Output exactly the lines below from the one containing "But as you can" to the last line, both included. Omit pictures.

◆ ◆ ◆

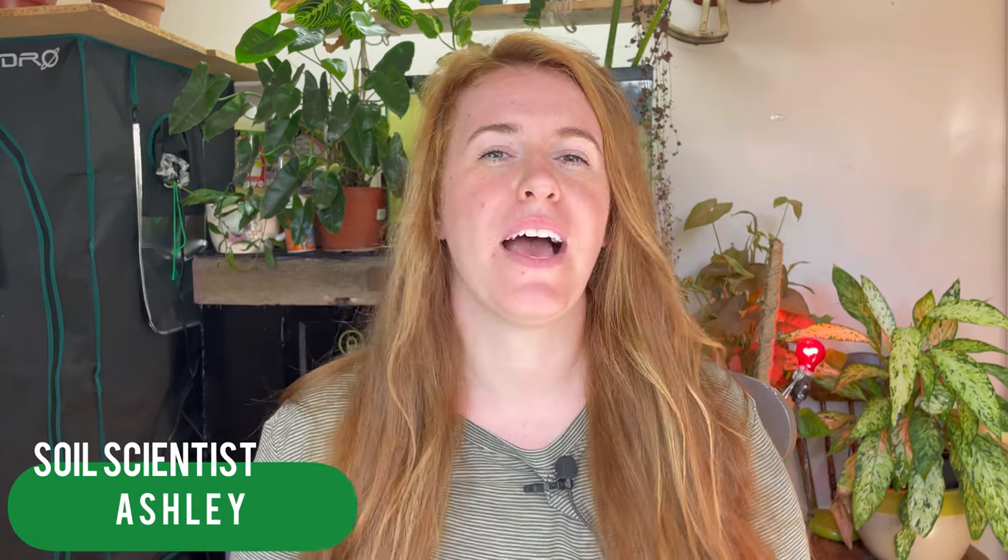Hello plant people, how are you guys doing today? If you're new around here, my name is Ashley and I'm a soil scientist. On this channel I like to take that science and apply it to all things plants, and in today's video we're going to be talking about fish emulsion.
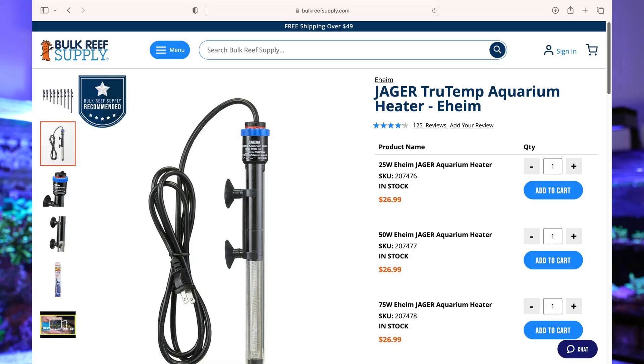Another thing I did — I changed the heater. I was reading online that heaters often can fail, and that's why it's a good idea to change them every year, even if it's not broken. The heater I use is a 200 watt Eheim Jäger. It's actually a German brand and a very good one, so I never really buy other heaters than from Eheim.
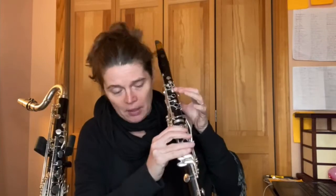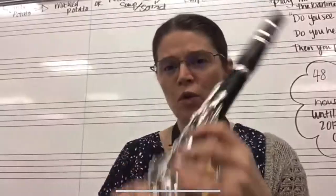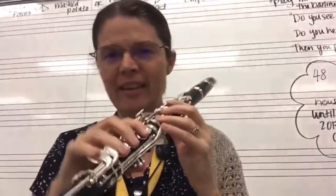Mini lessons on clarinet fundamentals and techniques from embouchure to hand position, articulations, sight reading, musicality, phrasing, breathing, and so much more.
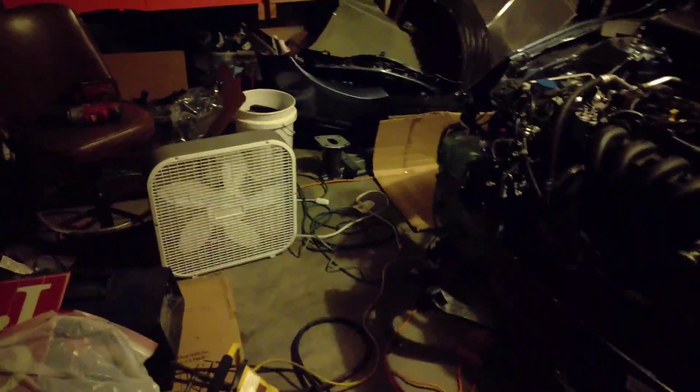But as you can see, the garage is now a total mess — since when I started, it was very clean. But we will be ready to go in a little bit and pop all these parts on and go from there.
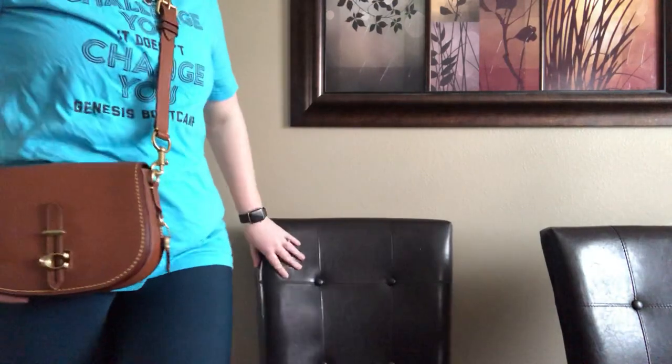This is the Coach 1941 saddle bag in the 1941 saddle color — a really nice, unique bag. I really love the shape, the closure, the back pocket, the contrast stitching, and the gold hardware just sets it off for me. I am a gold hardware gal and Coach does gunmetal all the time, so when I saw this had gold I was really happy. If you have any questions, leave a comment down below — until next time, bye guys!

◆ ◆ ◆

• RESPONSE TO THE EXERCISE:
But as you can see, the garage is now a total mess — since when I started, it was very clean. But we will be ready to go in a little bit and pop all these parts on and go from there.
This is the Coach 1941 saddle bag in the 1941 saddle color — a really nice, unique bag. I really love the shape, the closure, the back pocket, the contrast stitching, and the gold hardware just sets it off for me. I am a gold hardware gal and Coach does gunmetal all the time, so when I saw this had gold I was really happy. If you have any questions, leave a comment down below — until next time, bye guys!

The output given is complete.